*** Opening DATA PROVIDED ***
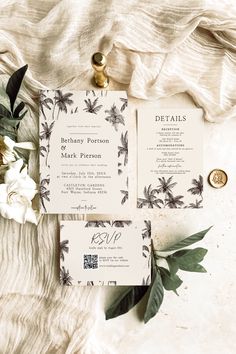 the wedding stationery is laid out on top of a white blanket with greenery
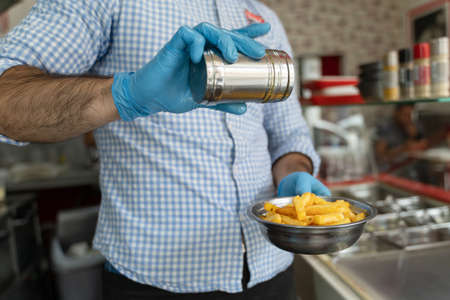 Close up on hands midsection of unknown man entrepreneur with blue rubber protective glove salting...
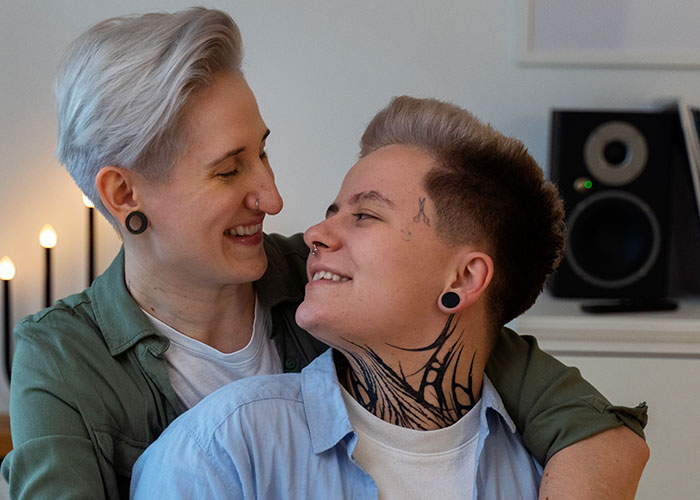 Two people with tattoos and short hair embracing, expressing self-love and confidence.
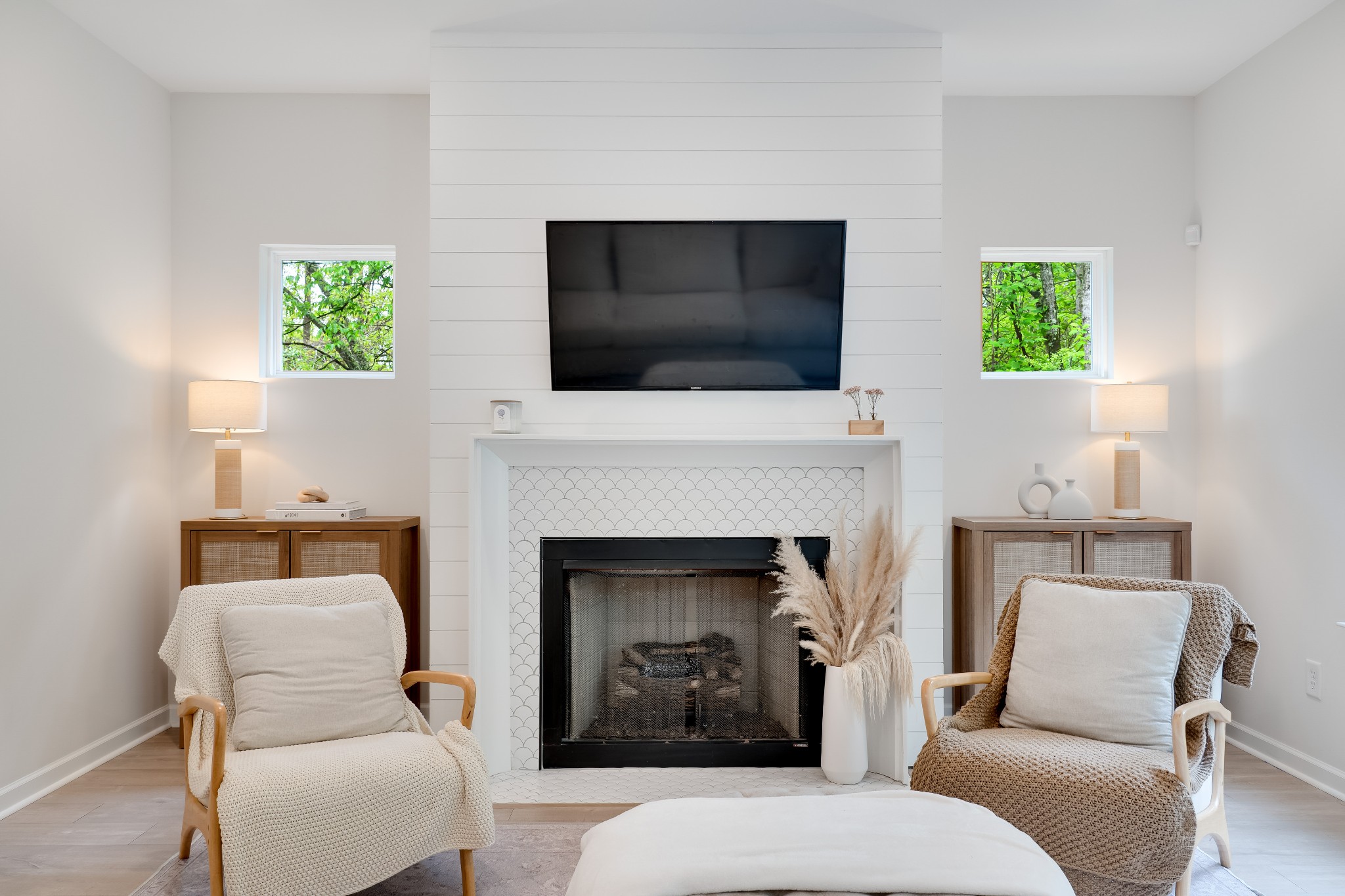 7301 Audubon Cove Fairview, TN 37062 - Photo 20 of 67 a living room with furniture a flat screen tv and a fireplace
*** Closing DATA PROVIDED ***
**INSTRUCTIONS TO FOLLOW**
Print the full listing exactly, dropping the pictures.

**RESULT OF THIS TASK**
 the wedding stationery is laid out on top of a white blanket with greenery
 Close up on hands midsection of unknown man entrepreneur with blue rubber protective glove salting...
 Two people with tattoos and short hair embracing, expressing self-love and confidence.
 7301 Audubon Cove Fairview, TN 37062 - Photo 20 of 67 a living room with furniture a flat screen tv and a fireplace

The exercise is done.